Par le biais des concours, il se recrute en France, chaque année, plusieurs centaines d'adjoints d'établissements secondaires. Pourtant curieusement, à l'exclusion des ouvrages d'Yves Grellier et des rapports des Inspections générales, la littérature est indigente sur leur rôle et muette sur leur formation. Le fonds documentaire de l'ESEN (pourtant très fourni), ne propose que 7 références, dont quatre du même auteur ! Après avoir noté quelques paradoxes, nous interrogeons la formation des adjoints du point de vue académique et national et proposons des éléments de prospective.

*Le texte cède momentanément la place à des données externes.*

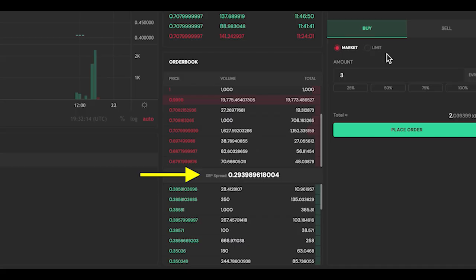With the market order, I need to be aware of the slippage, which refers to the difference between the expected price of a trade and the actual price at which a trade is executed. Here, with a spread of 0.29 XRP, this trade would be executed at a loss due to the high slippage. The higher the available liquidity for the pair, the lower the slippage will be.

Les adjoints, au centre de paradoxes

S'il fallait résumer par une formule le principal paradoxe concernant la formation des adjoints, on pourrait le faire en observant qu'aujourd'hui, en France, on recrute massivement des adjoints, mais on forme exclusivement des chefs d'établissement. Il peut sembler encore plus curieux que personne ne s'en émeuve et que les organisations professionnelles s'en satisfassent. Les enjeux des corporatismes sont souvent peu décodables. Il est vrai que l'Hexagone se distingue d'autres pays, comme le note Philippe d'Iribarne (L'étrangeté française, Seuil, 2006) : là où beaucoup attendent que le contrat soit l'élément principal de protection des acteurs, en France, tout relève des statuts. Or, pour les "chefs" comme pour leurs "adjoints", le statut est unique. Cette particularité des EPLE les distingue des autres établissements publics d'État. Puisqu'en France tout est subordonné au statut et aux concours de recrutement, pour dépasser ce paradoxe, faut-il se diriger vers une évolution radicale des concours, aller vers la reconnaissance d'un métier, celui d'adjoint, et former en conséquence ? Actuellement, rien de tel ne se dessine, au contraire. Le nouveau cahier des charges de la formation des chefs d'établissement, publié en juin 2007, ne fait que confirmer, voire renforcer cet état de fait. Il repose sur une hypothèse implicite en formation initiale qui revient à dire "qui peut le plus peut le moins". Niant les rôles et compétences professionnelles spécifiques des adjoints, de facto, l'ensemble est conçu comme si la formation de "chefs" valait formation d'adjoints. Une question se pose alors, chefs et adjoints ont-ils des besoins de formation différents ?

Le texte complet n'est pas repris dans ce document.